### Problem to solve
Please give back the listing exactly as it reads.

── Data extract

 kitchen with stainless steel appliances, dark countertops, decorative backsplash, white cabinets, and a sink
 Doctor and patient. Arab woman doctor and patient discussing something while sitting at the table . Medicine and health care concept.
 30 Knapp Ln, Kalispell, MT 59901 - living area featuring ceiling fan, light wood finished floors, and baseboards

────

### Your solution
 kitchen with stainless steel appliances, dark countertops, decorative backsplash, white cabinets, and a sink
 Doctor and patient. Arab woman doctor and patient discussing something while sitting at the table . Medicine and health care concept.
 30 Knapp Ln, Kalispell, MT 59901 - living area featuring ceiling fan, light wood finished floors, and baseboards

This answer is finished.